The term “Fake Vault” was coined at WWDVC 2019; Fake Vaults are supposed Data Vault 2.0 implementations that fail the basic tenets of an auditable, agile, and automated data vault model. They include ingenuity that does not scale. And, that flies in the face of what a scalable data vault model should be. Terms like “bag of keys” or “keyed-instance hubs” are not Data Vault 2.0 terms!
In no particular order, here are the seven deadly sins of fake vault:
GULA – “Business Vault is the layer exposed to the business” – the implication is that Raw Vault is not exposed to anyone and Business Vault is the “conformed” business layer with column names in the form digestible by the business. This is an incorrect implementation of Business Vault. Business Vault is nothing more than the archived outcome of derived business rules based on Raw Vault. It is not a copy of Raw Vault; Business Vault is sparsely populated that serves as the implementation to resolve business process gaps in the source application. For example, a 3rd party source application may define that a home loan account has its own facility, and an offset account may have its own facility, too.
Still, the business only sees one facility that is an umbrella business entity for all related accounts (loan and offset accounts). The raw vault link will contain how the 3rd party source defines this relationship, but the business vault link will have the business view of that relationship. It is not a replication of the source but fulfilling the business view of the business process. Additionally, like raw vault, the business vault is auditable and reuses the same loading patterns. Another use (in addition to plugging source-system gaps / defining a different view of the source) may be to centralize and create an audit trail of derived content that is automated and closely tied to data governance practices. It may also serve as a temporary store of derived content until the raw source can supply that content instead.
BV is based on RV, RV+BV=DV.
ACCIDIA – “Automatically decomposing Units of Work (UoW) into a bi-relationship link table although the Unit of Work had more than just the two business entity composition.” Decomposing such a relationship between business entities into two-part link tables breaks the UoW and, in many instances, may make it impossible to recreate the source if needed, a fundamental requirement for data vault audit-ability. Besides, why break the UoW only to have to recreate it downstream? Not only does this add latency to time-to-value, but it also becomes costly in terms of a query execution to break the UoW up and reassemble it; but also increases the number of tables to join, which makes the data model solution perform poorly.
LUXIRIA – Creating Weak Hubs, these are Hubs that do not track a unique list of business entities; or another definition is using too generic hub table names. The former occurs when we identify keys and assume that they should be loaded into their respective hubs to create a link to them when such keys would be better defined as Dependent-Child keys in a link or satellite table. The so-called “weak” key doesn’t describe anything on its own and needs a “strong” key for it to have any meaning to anyone using that key. This is exactly what a dependent-child key is! The latter is too generic for hub table names and definitions and relates to overloaded content that needs to be modeled.
We have seen this scenario; a single business key column with multiple business entity types within it, and then a decision is made to load a hub_entity. The name itself doesn’t convey any meaning, and if you take a step back and think about what you just created, you’ll see it is a dependent-child hub!
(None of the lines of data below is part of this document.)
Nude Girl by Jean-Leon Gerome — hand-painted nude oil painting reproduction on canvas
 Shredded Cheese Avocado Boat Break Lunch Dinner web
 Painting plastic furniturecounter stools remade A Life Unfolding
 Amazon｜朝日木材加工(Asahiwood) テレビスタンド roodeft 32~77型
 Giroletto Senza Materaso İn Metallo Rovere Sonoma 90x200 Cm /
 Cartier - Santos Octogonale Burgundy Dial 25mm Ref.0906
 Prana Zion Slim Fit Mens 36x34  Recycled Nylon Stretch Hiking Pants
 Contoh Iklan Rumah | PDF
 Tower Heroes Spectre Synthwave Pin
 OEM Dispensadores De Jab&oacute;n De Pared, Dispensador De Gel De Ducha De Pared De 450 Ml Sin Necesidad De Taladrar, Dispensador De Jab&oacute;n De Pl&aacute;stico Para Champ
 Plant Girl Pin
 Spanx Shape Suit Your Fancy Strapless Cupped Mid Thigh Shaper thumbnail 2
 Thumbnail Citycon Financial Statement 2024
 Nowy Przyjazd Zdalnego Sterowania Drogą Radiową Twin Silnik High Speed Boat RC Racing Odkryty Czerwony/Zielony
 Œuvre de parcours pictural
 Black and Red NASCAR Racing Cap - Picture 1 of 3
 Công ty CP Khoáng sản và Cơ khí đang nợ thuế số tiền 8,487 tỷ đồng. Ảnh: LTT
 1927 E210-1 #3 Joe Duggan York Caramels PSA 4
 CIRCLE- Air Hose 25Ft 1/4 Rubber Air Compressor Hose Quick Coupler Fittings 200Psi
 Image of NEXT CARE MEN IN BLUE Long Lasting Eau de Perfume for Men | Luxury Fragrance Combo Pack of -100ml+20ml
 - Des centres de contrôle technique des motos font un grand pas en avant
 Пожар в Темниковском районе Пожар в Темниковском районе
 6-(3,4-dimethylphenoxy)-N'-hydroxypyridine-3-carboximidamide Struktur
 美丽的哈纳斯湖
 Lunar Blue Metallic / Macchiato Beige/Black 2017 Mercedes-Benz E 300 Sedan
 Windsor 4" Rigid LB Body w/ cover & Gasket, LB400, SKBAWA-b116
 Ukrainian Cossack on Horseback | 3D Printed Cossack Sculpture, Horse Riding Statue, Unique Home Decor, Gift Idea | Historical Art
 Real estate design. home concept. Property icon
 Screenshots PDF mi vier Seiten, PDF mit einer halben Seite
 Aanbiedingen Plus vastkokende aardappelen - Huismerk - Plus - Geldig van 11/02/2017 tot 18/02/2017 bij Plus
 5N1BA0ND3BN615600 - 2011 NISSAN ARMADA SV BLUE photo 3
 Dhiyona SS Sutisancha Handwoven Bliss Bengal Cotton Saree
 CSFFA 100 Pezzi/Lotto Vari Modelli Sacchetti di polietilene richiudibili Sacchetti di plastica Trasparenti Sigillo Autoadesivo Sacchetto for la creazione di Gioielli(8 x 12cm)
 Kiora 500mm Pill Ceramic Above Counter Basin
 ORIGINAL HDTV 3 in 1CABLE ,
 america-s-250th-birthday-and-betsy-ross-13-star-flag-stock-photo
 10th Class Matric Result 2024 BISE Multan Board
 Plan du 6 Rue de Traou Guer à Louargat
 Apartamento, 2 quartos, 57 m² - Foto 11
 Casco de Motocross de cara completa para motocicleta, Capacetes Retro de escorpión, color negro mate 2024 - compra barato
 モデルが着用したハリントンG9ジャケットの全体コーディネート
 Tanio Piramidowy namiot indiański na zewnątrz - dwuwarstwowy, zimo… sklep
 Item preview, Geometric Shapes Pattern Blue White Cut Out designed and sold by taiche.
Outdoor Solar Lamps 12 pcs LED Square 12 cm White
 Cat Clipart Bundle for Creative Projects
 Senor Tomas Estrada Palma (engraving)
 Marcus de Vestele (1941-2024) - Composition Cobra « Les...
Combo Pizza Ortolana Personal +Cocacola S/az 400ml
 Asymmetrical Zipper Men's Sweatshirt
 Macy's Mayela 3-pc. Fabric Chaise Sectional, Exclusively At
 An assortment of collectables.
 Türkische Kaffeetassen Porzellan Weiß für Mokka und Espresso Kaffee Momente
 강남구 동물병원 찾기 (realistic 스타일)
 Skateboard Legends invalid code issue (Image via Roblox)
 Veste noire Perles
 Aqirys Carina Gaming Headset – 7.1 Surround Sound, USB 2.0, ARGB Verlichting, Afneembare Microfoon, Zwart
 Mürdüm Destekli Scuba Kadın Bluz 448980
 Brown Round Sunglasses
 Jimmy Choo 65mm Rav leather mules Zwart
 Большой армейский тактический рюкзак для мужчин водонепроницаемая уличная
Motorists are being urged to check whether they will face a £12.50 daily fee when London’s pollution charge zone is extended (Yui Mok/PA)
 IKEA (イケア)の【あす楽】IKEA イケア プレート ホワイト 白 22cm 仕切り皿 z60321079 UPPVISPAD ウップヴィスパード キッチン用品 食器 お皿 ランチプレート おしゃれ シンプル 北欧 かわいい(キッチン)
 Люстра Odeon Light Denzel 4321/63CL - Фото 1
Without something to better define that hub key, you need a code or category to define the business key better! The overloaded business key column must be split either by (in order of preference):
- the source to provide the content split as independent files/tables to be staged, or
- we have to split the content before staging.
The former is preferred because it solves the integration debt upfront and the task of keeping this up to date and managed is with the source application. The latter means there must be additional code to split the content and build error traps to catch the moment a change is detected in the rules to split that column. An overloaded column can also mean a need to implement row-level business key collision codes, more maintenance in your data warehouse!
SUPERBIA – Source system data vault (SSDV), a key understanding of data vault, needs to integrate multiple business processes (and their outputs) by their natural keys that multiple source applications may serve. If source applications share natural keys, then the passive integration naturally occurs, and the entire business process is tracked in harmony in the data warehouse. A great example is treating transaction-style MDM as a source because its harmonized (match-merged) key integrates multiple applications in real-time. No collision of business keys can occur (a single key-value representing multiple business entities within the same hub table). BUT as diverse as the business decisions are to purchase specific software to automate various portions of the business service, integrating the business processes into a single data warehouse will likely come across where such collisions to a single
hub table could occur. Only then do we use a business key collision code (BKCC) to ensure that loaded business entities remain unique within that hub. To use a collision code based on the source system that provided the key, without considering that two or more source applications could be using the same business key value to represent the same business entity leads to a source-system vault, an anti-pattern. You will inevitably create more entities than you need to the hub table, more joins than required to bring the content together, and more tables required in a business vault to solve the integration debt you would have introduced if you followed this source-aligned loading pattern. Also, remember that the appropriately applied business key treatments are performed (left+trim+upper) before hashing.
IRA – Staggered loads. Surrogate sequence key-based data vault needed to follow a similar loading paradigm as dimensional tables. First, all the dimensions must be loaded before the fact table can be loaded. Sequence keys in a dimensional model imply temporal meaning from each dimension table to the fact table.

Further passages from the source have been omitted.